Virginia Republican politician Corey Stewart, the former chairman of Donald Trump’s Virginia campaign who is currently running for governor, took to Twitter this morning to denounce the removal of a Confederate monument in New Orleans, likening the move to actions committed by the terrorist group ISIS:
It appears ISIS has won. They are tearing down historical monuments in New Orleans now too. It must end. Despicable!https://t.co/hrO0cLozos
— Corey Stewart (@CoreyStewartVA) April 24, 2017
Stewart has become an outspoken defender of Confederate monuments, including one in Charlottesville, Virginia, where, according to the Washington Post, he compared “those who wanted to remove the statue to tyrants and Nazis.”
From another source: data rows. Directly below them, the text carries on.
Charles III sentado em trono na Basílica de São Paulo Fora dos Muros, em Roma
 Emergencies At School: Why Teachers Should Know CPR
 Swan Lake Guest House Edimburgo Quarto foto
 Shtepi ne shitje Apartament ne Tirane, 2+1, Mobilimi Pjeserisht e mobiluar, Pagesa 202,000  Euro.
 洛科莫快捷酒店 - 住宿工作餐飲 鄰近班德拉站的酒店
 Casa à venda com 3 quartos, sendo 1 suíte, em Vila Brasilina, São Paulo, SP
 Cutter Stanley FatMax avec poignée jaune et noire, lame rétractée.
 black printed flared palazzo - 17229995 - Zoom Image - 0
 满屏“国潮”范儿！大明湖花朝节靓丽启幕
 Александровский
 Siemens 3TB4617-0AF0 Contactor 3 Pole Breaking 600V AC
Without Confederate symbols, he said at another recent event, “we lose our identity.”
At a rally in Roanoke, Stewart posed alongside the Confederate battle flag, saying: “Folks, this is a symbol of heritage. It is not a symbol of racism. It is not a symbol of slavery.” The Richmond Times-Dispatch adds:
He has vowed to defend Confederate monuments from liberals who want them gone, promised to bring back Confederate emblems on state-issued specialty license plates, and said he would “absolutely not” mention slavery in symbolic proclamations about Confederate history.
Stewart, the chairman at-large of the Prince William Board of County Supervisors, also has a long history of anti-immigrant activism.